On 22 June 2021, an online booking system for COVID-19 test referral opened for people in all counties.

On 22 February 2022, it was announced that COVID-19 testing would be scaled back after the Government agreed to end almost all remaining restrictions from 28 February.

==Problems with COVID-19 testing==
Problems with testing kit availability and the global shortage in one of three reagents necessary to complete testing for the virus (namely that used in the second stage, extraction) became pronounced. New equipment was brought into the country from overseas. Two additional laboratories began testing for the virus in mid-April: the Enfer facility in Naas, County Kildare, and the Department of Agriculture, Food and the Marine's laboratory in Backweston. On 10 April, the HSE and the UCD-based National Virus Reference Laboratory announced a contract for enough reagent to complete 900,000 tests, though Director of the National Virus Reference Laboratory Cillian de Gascun said it was not the reagent that was used in the third stage of testing and thus, already amply supplied. The materials, supplied by Genomics Medicine Ireland Limited (GMI), went to the Enfer laboratory. De Gascun also asserted at the same time as this announcement that he had "misspoken" the previous month if he had said tests would be increased by thousands "within days". Scientists based in a laboratory in Sligo began making two types of reagent for COVID-19 testing carried out in the northwest of the country.

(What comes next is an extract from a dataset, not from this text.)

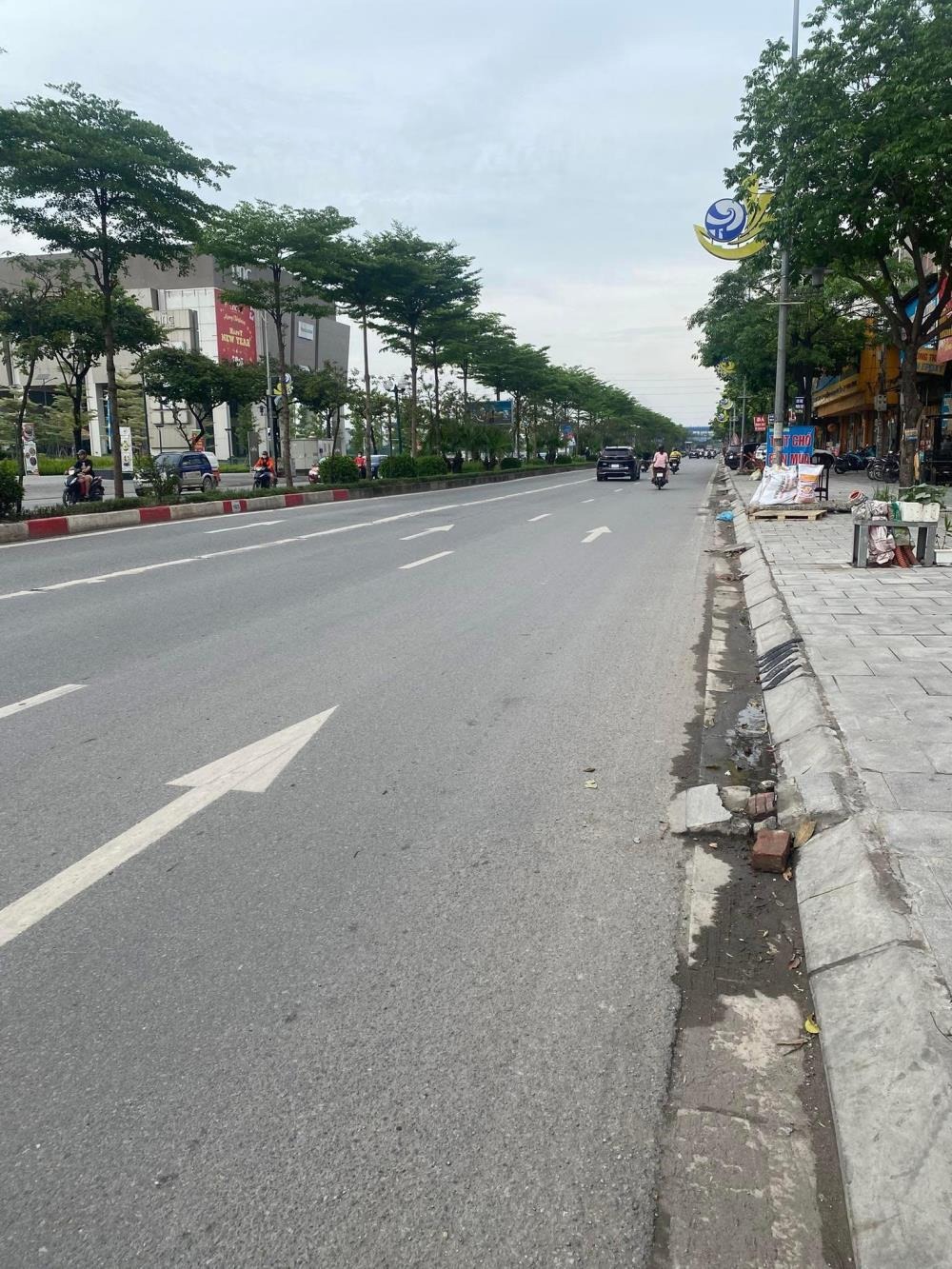 Mặt Phố Lê Trọng Tấn Hà Đông - Lô Góc 3 Mặt Tiền 75m2, 7 Tầng, Thang Máy - Đầu Tư Vàng!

On 2 January 2021, it was revealed that there were approximately 9,000 positive COVID-19 tests not yet logged on the HSE's IT systems, due to both limitations in the software; and lack of staff to check and input details, meaning there was an effective ceiling of approximately 1,700 to 2,000 cases that could be logged each day. This caused a huge spike in confirmed cases, which ranged from 3,000 and up to 8,200, being reported each day.

PCR testing centres continued to operate through Christmas Day and St Stephen's Day 2021, as demand for PCR tests surged. Demand for PCR tests remained "extremely high" after Christmas, which resulted in no appointments available across all 41 testing centres for a number of days. More than 20,000 cases were reported each day, but it was estimated that up to 500,000 people (10% of Irish population) could have truly contracted COVID-19.